SNCF : conflit sans issue

La problématique
« Plus de trains, à l’heure, au meilleur prix » réenchérissait Edouard Philippe, ce lundi pour justifier sa réforme. Des arguments qui avaient été avancés lors du lancement de celle-ci, à un détail près. Cette fois, le Premier ministre crut bon d’ajouter que cette réorganisation n’était pas « contre les cheminots ». Eh bien, si la suppression du Statut des agents, la transformation de la SNCF en SA, la filialisation de Fret SNCF, le transfert des salariés aux opérateurs privés, l’instauration de la polyvalence… ne sont pas des mesures « contre les cheminots », on a peine à imaginer de orientations qui seraient pires.
Le mépris, l’arrogance de ce Gouvernement envers une entreprise et son personnel demeurent intacts. La pseudo concertation engagée depuis avril, dont sont exclus les points les plus importants de la réforme, n’a fait qu’ajouter au malaise. Même les syndicats d’accompagnement peinent à trouver une porte de sortie au conflit en cours. Car il est vrai que les reculs sociaux que ce Gouvernement souhaite imposer sont ressentis par les cheminots comme une double peine.

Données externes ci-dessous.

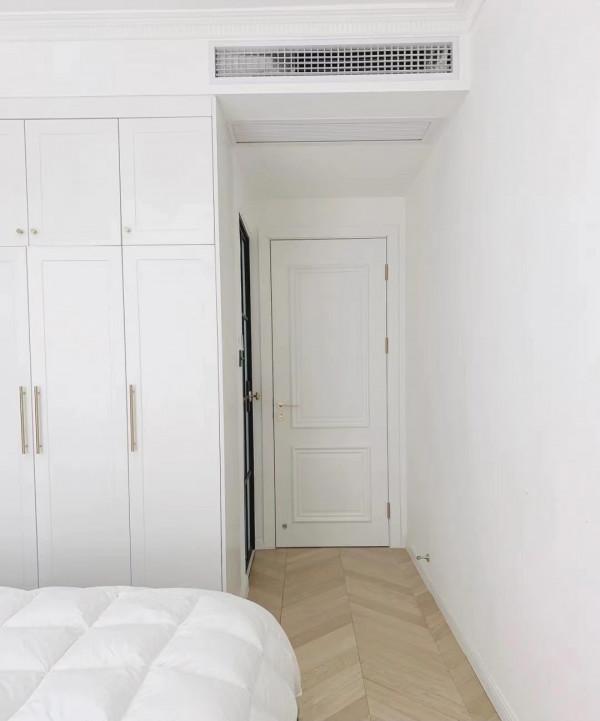 女主堅持簡潔實用的裝修，不浪費1㎡的空間，入住2年依舊如新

Après avoir des années durant été soumis à des efforts du fait de l’abandon du rail par les Gouvernements successifs, leur « récompense » serait la perte de 80 années d’évolutions sociales et la privatisation à terme de leur entreprise… Non, de l’agent d’exécution au cadre supérieur, cette odieuse provocation ne passe toujours pas !

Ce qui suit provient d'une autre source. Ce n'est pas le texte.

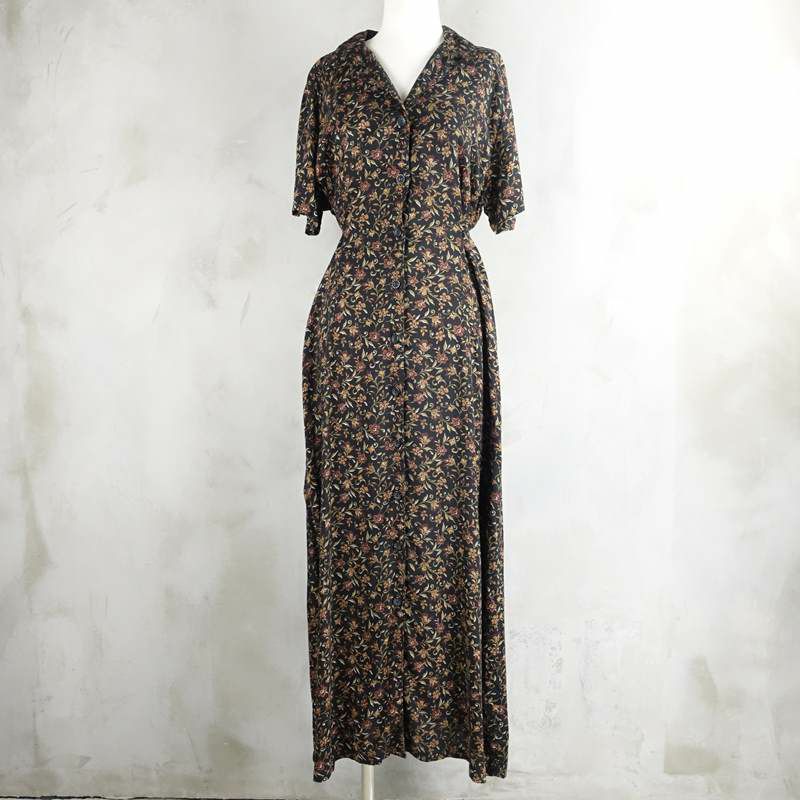 古着のワンピース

Les syndicats pris en étau
Parmi les syndicats figurent tout d’abord les plus durs. Ceux qui ne se posent pas de questions. Face à une attaque, ils vont jusqu’au bout de la démarche et parfois même au-delà. Il y en a d’autres, qui tout en participant aux actions menées gardent toujours à l’esprit qu’à un moment, il s’agira de sortir dans toute la mesure du possible par le haut de toute action menée, et éviter un enlisement préjudiciable à tous. Enfin, il y a les syndicats d’accompagnement, qui la plupart du temps prennent acte des décisions après avoir bombé le torse pour la forme, et tentent d’en minimiser les conséquences. En principe, chacun est dans son rôle et la conjugaison de toutes ces tendances, a priori opposées, a parfois offert à des conflits des issues pas si malheureuses.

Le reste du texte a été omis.